Short descriptive text snippets:
##############################
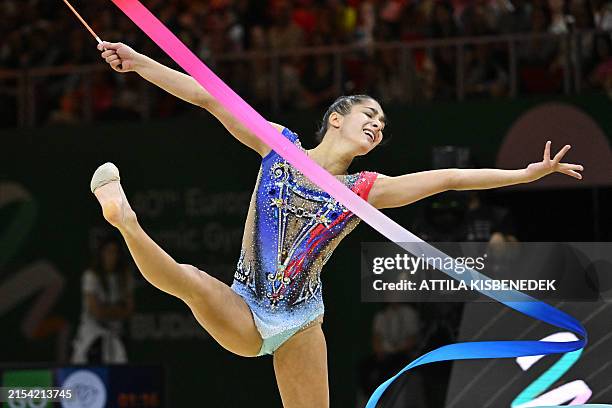 517 Sofia Raffaeli Stock Photos, High-Res Pictures, and Images - Getty ...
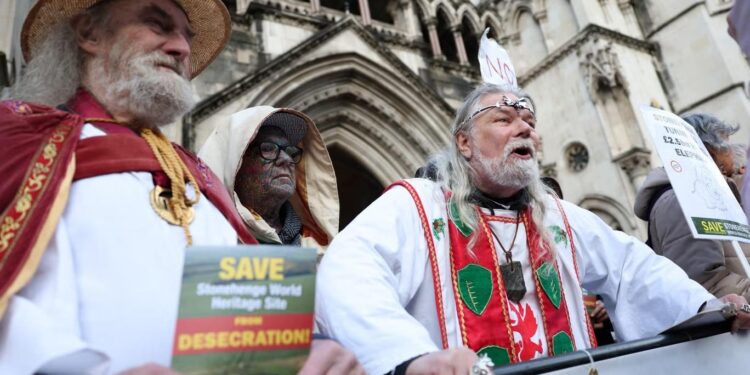 بريطانيا .. احتجاجات على مشروع بناء طريق قرب “ستونهنج”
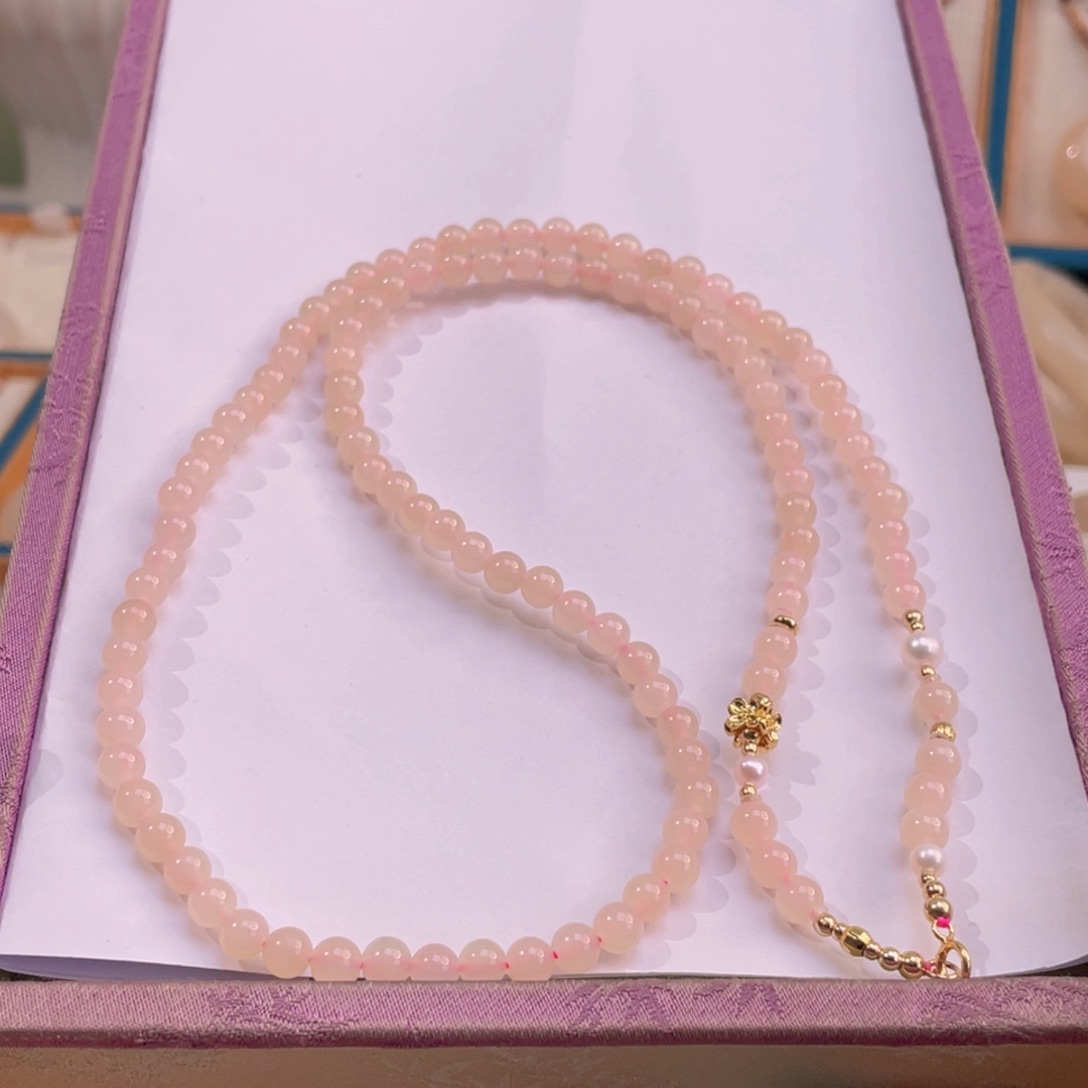 和田玉未镶嵌项链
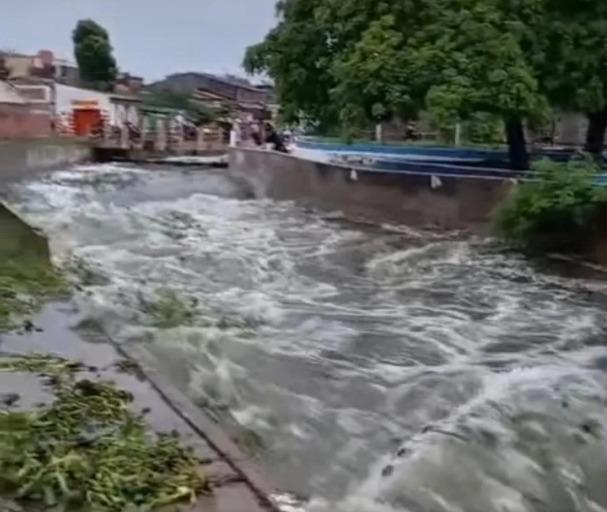 Açude Grande de Cajazeiras atinge cota máxima e sangra após fortes chuvas de 113 mm na região 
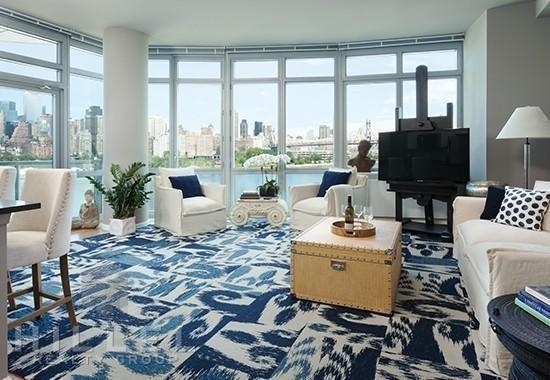 2 Bedrooms, Hunters Point Rental in NYC for $6,425 - Photo 1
##############################
Transcribe all the records above word for word, without their images.

#### Response:
 517 Sofia Raffaeli Stock Photos, High-Res Pictures, and Images - Getty ...
 بريطانيا .. احتجاجات على مشروع بناء طريق قرب “ستونهنج”
 和田玉未镶嵌项链
 Açude Grande de Cajazeiras atinge cota máxima e sangra após fortes chuvas de 113 mm na região 
 2 Bedrooms, Hunters Point Rental in NYC for $6,425 - Photo 1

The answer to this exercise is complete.